Emotional experiences, whether positive or negative, become part of our personal narrative. They define who we are and how we want to make a difference. Sometimes, though, we don’t have the skills or expertise to make that difference, and we feel frustrated—even helpless.

“I don’t know what it is, but it certainly is not the flu.” My daughter’s pediatrician looked nervously, first at my daughter, then at me. “You need to take her to the children’s hospital. Now.”

And that’s how I wound up spending Labor Day weekend in the ICU, hovered over my 18-year-old, watching her die.

Sometime in the past few weeks, she’d picked up a case of bacterial meningitis. Meningitis itself isn’t uncommon. Throw in a case of sepsis, though, and you’re suddenly dealing with one of the deadliest diseases in the world. Most children who contract the disease die within hours.

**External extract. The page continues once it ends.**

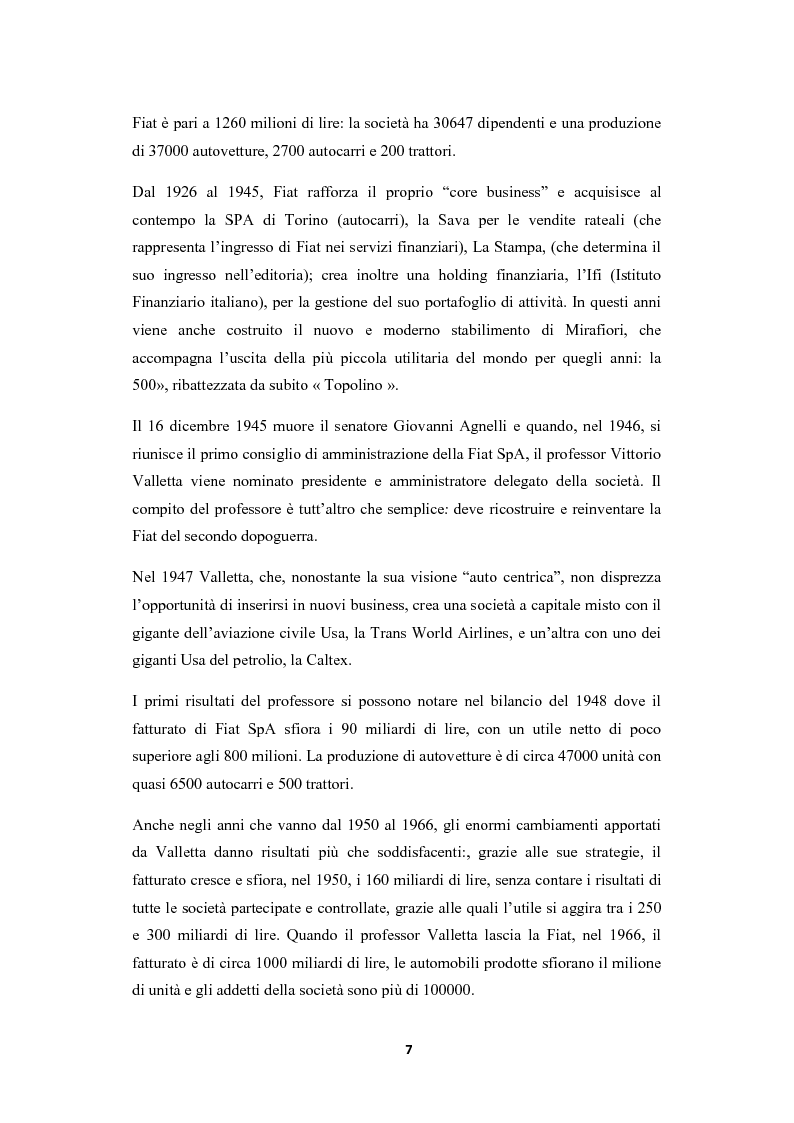 Anteprima della tesi: Il Caso Fiat: un'analisi comparata, Pagina 5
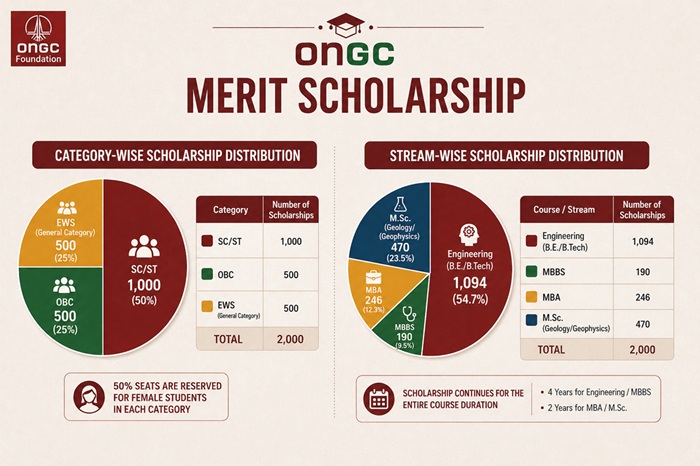 ONGC merit Scholarship scheme distribution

By the time we’d gotten to the ICU, my daughter’s internal organs were already shutting down.

Somehow, she managed to hold on. Every so often, a physician would approach and explain the next extraordinary procedure they’d use to try to save her life. You’d think that at some point, I’d get used to hearing “the talk” and grow comfortable with the idea of my daughter dying, but each time was as terrifying as the last.

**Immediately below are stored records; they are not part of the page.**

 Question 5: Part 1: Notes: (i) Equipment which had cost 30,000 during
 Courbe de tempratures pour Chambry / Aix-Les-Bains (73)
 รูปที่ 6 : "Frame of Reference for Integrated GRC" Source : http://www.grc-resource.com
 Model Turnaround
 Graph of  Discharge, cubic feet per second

We were like poker players. We lived by the numbers, by the lab results, by the blood tests. They dictated the quality of my child’s life, and that dictated the quality of my own. I realized very quickly that my whole life and future depended on that team of devoted men and women—the nurses, the doctors, the technicians, the surgeons.

In an odd way, even though I was going through the worst experience any parent could ever be subjected to—watching my daughter die—it was so extraordinary that I realized I wanted to be involved with this spectacular group of people for the rest of my life.

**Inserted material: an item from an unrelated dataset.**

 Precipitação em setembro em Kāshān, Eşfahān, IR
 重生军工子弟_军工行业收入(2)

I knew that if she survived—even if she didn’t survive—I was eternally grateful for what we had experienced. I wanted to give back as quickly as I could.

 

This donor was powerless in the battle against her daughter’s disease, relying entirely on the healthcare professionals who participated in and coordinated her daughter’s care. As she watched, a thought gradually overtook her. A financial contribution to the neurobiology division would be more than a way to honor and empower the team that so diligently and compassionately cared for her daughter. It was also a way to take an active role in her daughter’s care.

Although this happened many years ago, the family still supports the children’s hospital. In addition, they support the adult hospital where their daughter continues to receive care. They have become passionate supporters of improved patient and family care and their philanthropy has grown. In the beginning, philanthropy was a vehicle by which to express gratitude and play a role in their daughter’s care. Now, they hope to protect other families against the pain they endured.

 

Can you think of a time when a philanthropic contribution helped a donor cope with a loved one’s illness?

How did you participate in that journey?

What was that experience like for you?